Thanks Kristian, that gives me some useful pointers and some things to think about and discuss with them when we meet tomorrow. I agree that limiting it to a subset of scenarios would be could, especially as we are only looking at proving a concept at the moment. I will keep you informed of what we find out from them. Regards Mark On 18 Mar 2014, at 08:02, Kristian Nielsen <knielsen@knielsen-hq.org> wrote:
Mark Riddoch <mark.riddoch@skysql.com> writes:
we have been approached by a user with a suggestion for a project that we might do with them. They have a replication environment with a large fan out (100 slaves per master) and are looking at doing something to cut one the load on the master. the thought they had was to use MaxScale to effectively cache the bin log files, so MaxScale would act as a single Slave to the Master and would itself have a number of Slaves that read the bin log from MaxScale. My initial response was why not just use an instance of MariaDB as the intermediate node and connect slaves to one of those instances, in a tree structure. They had a few reasons why they did not want to do this;
Looking in more detail I think it is feasible, we essentially write a router module for MaxSale that acts as a slave, aching the bin log locally on the MaxScale node. We then have another router, or maybe even the same one, that relays that binlog to the real slaves. We are looking at doing something for MariaDB 10, since we would want to utilise the GTID to get the best failover semantics, I am assuming there must be some differences between the replication stream that I can find documented for MySQL and what MariaDB 10 does? Is this stuff anywhere on the Knowledge Base? I tried looking but
Right, so I agree with what Serg said, that maybe going back to the original problem and seeing if there are better solutions possible would be better. However, I will try to answer the technical aspect here.
I suppose caching and routing binlogs outside of the server should be possible, but it might be more complex than you would think at first.

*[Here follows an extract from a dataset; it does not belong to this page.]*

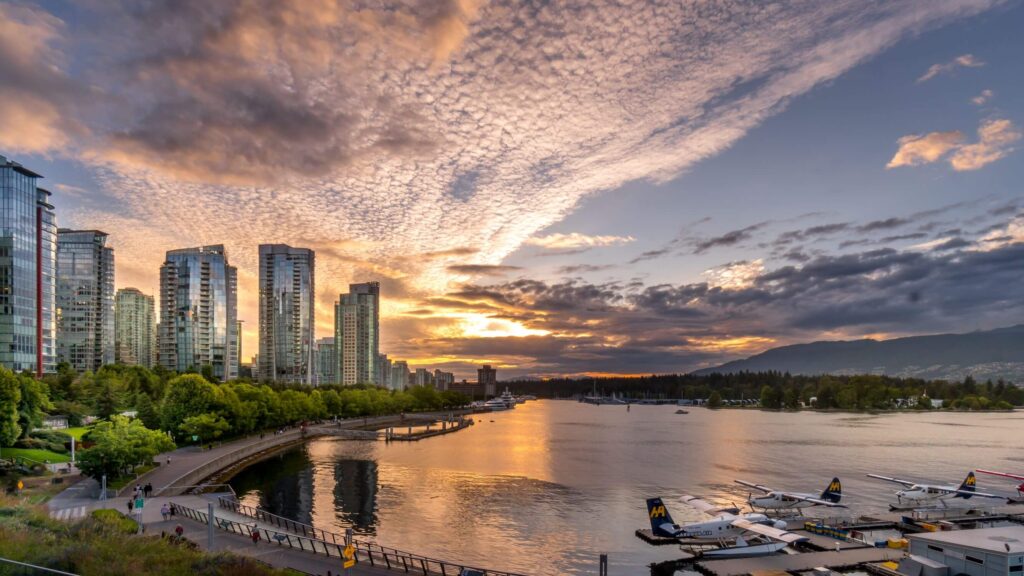 small planes moored in water at sunset with tall buildings and beautiful sky
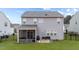 View of the back of house showcasing the screen porch and patio at 6 S Stonehaven Way, Clayton, NC 27527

I am not aware of any comprehensive documentation for this. However, it should be relatively easy to see from the code. Basically, it is the function mysql_binlog_send() in sql/sql_repl.cc that handles sending binlog data to a slave. There are good comments in there describing many of the trickier points.
You need to be aware that there is more logic in sending binlog data to a slave than just streaming raw binlog files. Maybe you can implement a subset and document any limitations.
The old-style replication (not using GTID) is the simplest, but it still does a bit extra, like sending some extra events (FORMAT_DESCRIPTION_EVENT and fake ROTATE_EVENT).
There is also the handling of old slaves. A slave sends a value in @mariadb_slave_capability, and the master will rewrite or remove any events that the slave does not understand, as appropriate.
And there is the @@skip_replication flag; when the slave sets this, the master removes events that were logged with @@skip_replication set (to reduce bandwidth needs).
The slave also does several SQL queries to obtain additional information. For example, the slave does a SELECT binlog_gtid_pos(file, offset) to obtain the GTID position associated with a given old-format replication position, so that it knows how to switch to GTID mode later. Maybe those queries could be handled by relaying them back to a real master server.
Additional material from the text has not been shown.